Call 1 FAQs

CLARIN-NL FAQ (Frequently Asked Questions)

Persistent Identifiers

Q: What is a persistent identifier and what should I do for it?

A: persistent identifier (PID) is a stable (persistent) and unique reference (identifier) to identify a resource, in the case of CLARIN a digital language resource. A well-known example of PIDs outside of CLARIN is formed by ISBN numbers, which are persistent identifiers for books.

PIDs for resources are surely needed for tools, applications and services running on the CLARIN infrastructure to provide unique identifiers for resources but they can be useful for humans as well.

 

Q: Can the title of a resource not serve as its PID?

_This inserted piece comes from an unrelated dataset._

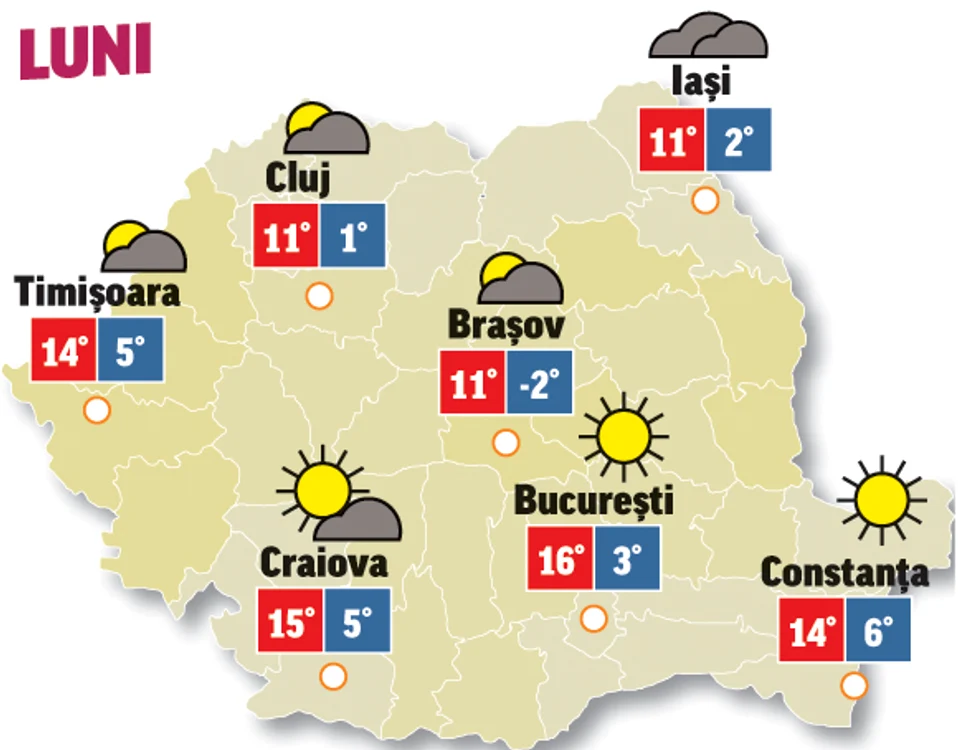 Astăzi vremea va fi plăcută cu temperaturi ridicate, mai ales în sudul țării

A: No, a title probably is persistent, but it is not so unique and has other disadvantages. There are cases where two different resources happen to have the same title. But more importantly, titles tend to be long and redundant for humans ("Corpus Gesproken Nederlands"), so that humans start using abbreviated forms ("CGN"), and they are language-dependent, so often translations are also used ("Spoken Dutch Corpus")

 

Q: Can the URL of a resource not serve as its PID?

A: No, URLs avoid some of the disadvantages of titles, but they tend to be not so persistent (web sites often change and the related URLs change as well or disappear completely). Humans can cope with missing references, computers cannot.

 

Q: Where do I get a PID for my resource?

A: CLARIN-NL will later this year but ultimately at the start of your project point out a URL and a programming interface where you can get a PID for your resource via a Persistent Identifier Service

 

Q: What do I have to do to obtain a PID for my resource?

A: Make a request using the Persistence Identifier Service provided by CLARIN-NL later this year. In this request you will be asked to provide some minimal information about your resource such as a small subset of the metadata which you have to provide anyway in the context of your project. The exact nature of this minimal set of resource metadata will be made known ultimately at the start of your project

 

Q: How much effort must I plan in my project for obtaining a PID for my resource?

A: It depends a little bit on the nature of your resource, but in general the effort involved will be minimal, typically 1 person day per resource.In general there should be a proper repository system with a software component that requests PIDs automatically when new resources are uploaded.

 

Q: If I have a PID, what can I do with it?

A: You can use it in programs to uniquely refer to your resource, and the organization that provides a Persistent Identifier Service will make available functionality so that you can click on it in a web browser or another context and it will lead you directly to the resource metadata. However, in most cases, you will identify the resource's metadata in other ways (by searching, querying or browsing in metadata overviews), and the CLARIN infrastructure will use the PID (behind the screens) to get from the resource's metadata to the resource itself.

 

Q: Where can I obtain more introductory information on PIDs?

A: Here

 

Q: Where can I obtain more (technical) information on PIDs?

A:Here (but you really need not know this if you are project leader or participant)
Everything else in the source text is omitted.